Comparing performance using a metalens with an NA of 0.6, two single-element aspheric lenses with NAs of 0.18 and 0.54, and a series of achromatic lenses with NAs from 0.15 to 1.2 (Figure 3), the aspheric lenses failed to detect the dye samples, while the metalens performed comparably to the much larger achromatic objective lenses.
Figure 3. A metalens with an NA of 0.6 is much smaller than aspheric or achromatic lenses (a), and the relatively small aspheric lenses had a brightness of zero and were not able to detect the dye molecules (b). (Image: nature communications)
Metalenses and VCSELs
The compact sizes and high performance of metalenses are being combined with vertical cavity surface-emitting lasers (VCSELs) to create more compact and versatile light sources. VCSELs are semiconductor lasers that emit light vertically from the surface of a wafer.
In VCSEL-illuminated applications, a single metalens can perform functions that would otherwise require several refractive surfaces, leading to ultra-compact and simpler-to-assemble modules.
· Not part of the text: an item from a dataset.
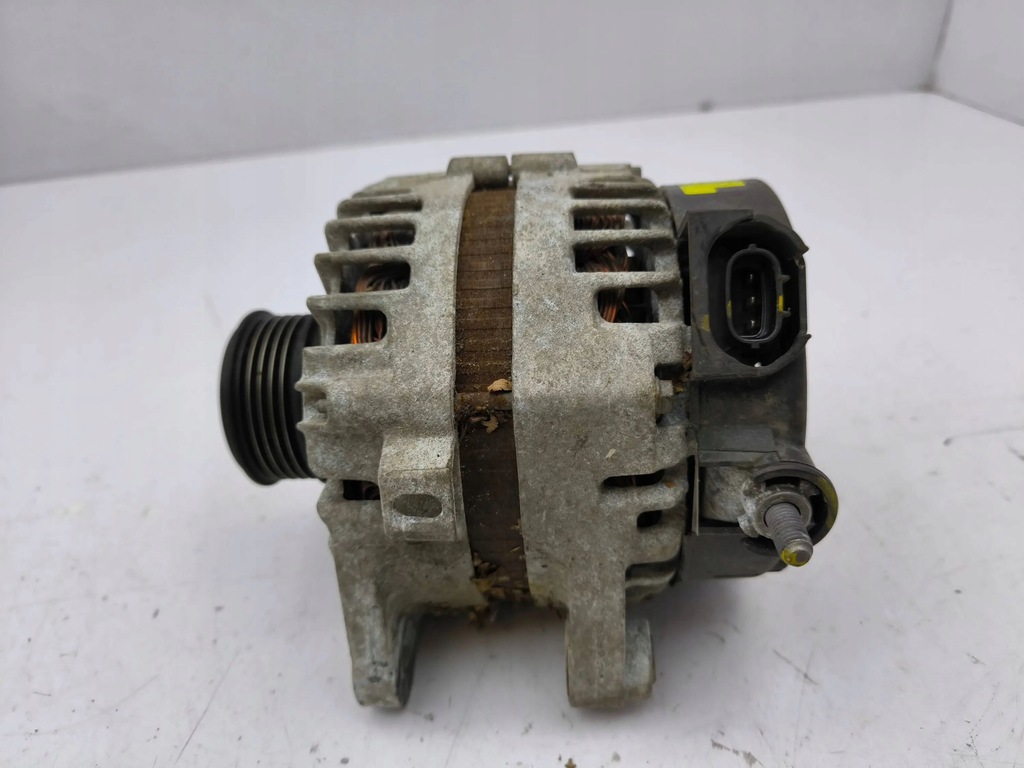 фото №1, Hyundai i30 2013 генератор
When combined with VCSELs, metalenses can be fabricated using a gallium arsenide (GaAs) film.
Some capabilities of a metalens and VCSEL system include:
- Shaping VCSEL beams with metalenses to create desired illumination patterns, such as dot arrays for facial recognition and simultaneous localization and mapping (SLAM), and line patterns for autonomous mobile robot (AMR) obstacle avoidance.
- Reducing the divergence angle of light emitted by a VCSEL, collimating it, and enhancing its effectiveness in applications like LIDAR and endoscopy.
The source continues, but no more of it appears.